Best practice 8.3 – Define and measure the computing performance metrics - Data Analytics Lens

Best practice 8.3 – Define and measure the computing performance metrics

Define how you will measure performance of the analytics solutions for each step in the process. For example, if the computing solution is a transient Amazon EMR cluster, you can take the following approach. Define the performance as the Amazon EMR job runtime from the launch of the EMR cluster, process the job, then shut down the cluster. As another example, if the computing solution is an Amazon Redshift cluster that is shared by a business unit, you can define the performance as the runtime duration for each SQL query.

Suggestion 8.3.1 – Define performance efficiency metrics

Collect and use metrics to scale the resources to meet business requirements. By doing so, your team can track unexpected spikes to make future improvements.

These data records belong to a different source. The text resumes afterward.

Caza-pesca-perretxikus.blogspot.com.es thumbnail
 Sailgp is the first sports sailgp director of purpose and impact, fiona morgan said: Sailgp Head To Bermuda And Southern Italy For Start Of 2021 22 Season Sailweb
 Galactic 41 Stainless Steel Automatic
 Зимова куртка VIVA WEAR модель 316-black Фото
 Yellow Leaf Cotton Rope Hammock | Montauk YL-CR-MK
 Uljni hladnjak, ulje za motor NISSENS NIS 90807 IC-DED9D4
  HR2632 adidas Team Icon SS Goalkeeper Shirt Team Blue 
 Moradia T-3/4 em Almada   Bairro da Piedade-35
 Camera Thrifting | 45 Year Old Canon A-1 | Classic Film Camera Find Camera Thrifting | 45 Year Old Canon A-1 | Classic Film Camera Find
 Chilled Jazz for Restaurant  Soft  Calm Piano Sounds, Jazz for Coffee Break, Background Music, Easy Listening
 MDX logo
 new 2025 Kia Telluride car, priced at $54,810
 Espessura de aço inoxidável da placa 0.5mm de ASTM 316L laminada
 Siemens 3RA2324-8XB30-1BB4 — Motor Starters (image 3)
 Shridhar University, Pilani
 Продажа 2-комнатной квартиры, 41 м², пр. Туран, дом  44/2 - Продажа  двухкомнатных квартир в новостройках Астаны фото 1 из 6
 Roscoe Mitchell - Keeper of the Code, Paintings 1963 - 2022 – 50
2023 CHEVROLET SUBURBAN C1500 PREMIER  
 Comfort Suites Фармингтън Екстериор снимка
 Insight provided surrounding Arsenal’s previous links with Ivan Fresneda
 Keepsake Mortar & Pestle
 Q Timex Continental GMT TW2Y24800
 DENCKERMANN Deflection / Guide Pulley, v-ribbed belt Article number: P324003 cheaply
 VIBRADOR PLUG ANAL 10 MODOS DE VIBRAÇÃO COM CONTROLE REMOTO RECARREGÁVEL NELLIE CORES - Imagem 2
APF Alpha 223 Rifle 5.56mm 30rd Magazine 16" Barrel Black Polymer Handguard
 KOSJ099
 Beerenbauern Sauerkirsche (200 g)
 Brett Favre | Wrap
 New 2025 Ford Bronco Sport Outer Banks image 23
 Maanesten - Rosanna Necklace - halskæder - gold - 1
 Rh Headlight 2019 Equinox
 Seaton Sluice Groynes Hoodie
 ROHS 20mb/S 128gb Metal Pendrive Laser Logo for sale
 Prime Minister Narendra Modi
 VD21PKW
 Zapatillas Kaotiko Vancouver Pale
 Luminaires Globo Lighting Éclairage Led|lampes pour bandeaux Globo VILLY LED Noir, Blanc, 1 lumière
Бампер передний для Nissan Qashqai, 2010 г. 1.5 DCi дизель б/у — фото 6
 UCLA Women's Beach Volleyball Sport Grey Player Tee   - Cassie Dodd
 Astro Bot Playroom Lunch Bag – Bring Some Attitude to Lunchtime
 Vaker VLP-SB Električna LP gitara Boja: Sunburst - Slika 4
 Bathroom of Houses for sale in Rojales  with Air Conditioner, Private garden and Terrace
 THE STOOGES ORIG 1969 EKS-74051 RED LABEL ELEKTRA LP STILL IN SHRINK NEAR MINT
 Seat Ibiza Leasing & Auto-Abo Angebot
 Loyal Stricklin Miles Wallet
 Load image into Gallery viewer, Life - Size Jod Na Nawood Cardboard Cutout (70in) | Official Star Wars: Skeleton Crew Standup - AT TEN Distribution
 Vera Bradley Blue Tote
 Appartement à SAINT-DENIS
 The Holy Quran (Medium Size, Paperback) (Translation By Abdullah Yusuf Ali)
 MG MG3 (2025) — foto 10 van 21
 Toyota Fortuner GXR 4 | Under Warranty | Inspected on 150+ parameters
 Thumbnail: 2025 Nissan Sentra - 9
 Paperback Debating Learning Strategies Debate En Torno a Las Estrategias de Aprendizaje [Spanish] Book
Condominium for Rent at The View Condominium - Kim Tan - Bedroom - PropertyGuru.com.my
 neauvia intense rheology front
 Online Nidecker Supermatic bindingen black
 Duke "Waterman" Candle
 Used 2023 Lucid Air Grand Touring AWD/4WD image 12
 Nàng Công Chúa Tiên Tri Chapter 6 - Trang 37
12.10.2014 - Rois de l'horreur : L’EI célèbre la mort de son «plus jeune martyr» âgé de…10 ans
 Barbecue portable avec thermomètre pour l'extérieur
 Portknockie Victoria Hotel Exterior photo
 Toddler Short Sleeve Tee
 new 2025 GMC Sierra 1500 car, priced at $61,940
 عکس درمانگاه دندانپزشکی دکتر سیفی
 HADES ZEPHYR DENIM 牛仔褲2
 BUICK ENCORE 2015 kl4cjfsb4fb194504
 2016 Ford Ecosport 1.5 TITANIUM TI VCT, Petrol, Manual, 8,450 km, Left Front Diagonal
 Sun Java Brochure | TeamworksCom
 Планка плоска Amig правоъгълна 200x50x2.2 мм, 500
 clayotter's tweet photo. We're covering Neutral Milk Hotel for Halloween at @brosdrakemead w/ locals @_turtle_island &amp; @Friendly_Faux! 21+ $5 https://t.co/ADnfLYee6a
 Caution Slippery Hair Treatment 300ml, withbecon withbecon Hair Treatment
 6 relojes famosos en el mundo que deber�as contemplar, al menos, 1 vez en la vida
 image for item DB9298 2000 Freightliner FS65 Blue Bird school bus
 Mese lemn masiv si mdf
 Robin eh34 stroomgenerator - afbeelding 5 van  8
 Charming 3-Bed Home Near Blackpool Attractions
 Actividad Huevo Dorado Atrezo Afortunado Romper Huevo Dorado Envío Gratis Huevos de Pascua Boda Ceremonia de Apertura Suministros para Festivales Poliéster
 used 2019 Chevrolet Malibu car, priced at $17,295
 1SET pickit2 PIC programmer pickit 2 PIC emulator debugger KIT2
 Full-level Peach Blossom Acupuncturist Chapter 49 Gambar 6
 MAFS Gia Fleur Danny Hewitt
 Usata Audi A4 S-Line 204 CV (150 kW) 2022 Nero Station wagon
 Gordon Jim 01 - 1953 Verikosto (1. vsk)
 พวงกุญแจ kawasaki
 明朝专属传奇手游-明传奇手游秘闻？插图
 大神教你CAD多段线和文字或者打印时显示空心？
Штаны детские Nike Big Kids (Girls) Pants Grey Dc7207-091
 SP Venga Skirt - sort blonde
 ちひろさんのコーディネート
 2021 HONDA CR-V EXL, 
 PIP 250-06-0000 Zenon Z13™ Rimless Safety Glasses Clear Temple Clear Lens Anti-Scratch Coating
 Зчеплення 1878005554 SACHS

Suggestion 8.3.2 – Continually identify under-performing components and fine-tune the infrastructure or application logic

After you have defined the performance measurement, you should identify which infrastructure components or jobs are running below the performance criteria. Performance fine-tuning varies for each AWS service, but generally, optimizing queries or workloads can enhance performance without necessitating infrastructure modifications. For example, if it is an Amazon EMR cluster running a Spark application, you could explore tuning your Spark configuration. If after fine-tuning you still need more performance, you can change to a larger cluster instance type, or increase the number of cluster nodes.

For an Amazon Redshift cluster, you can fine-tune the SQL queries that are running below the performance criteria and if required, increase the number of cluster nodes to increase parallel computing capacity.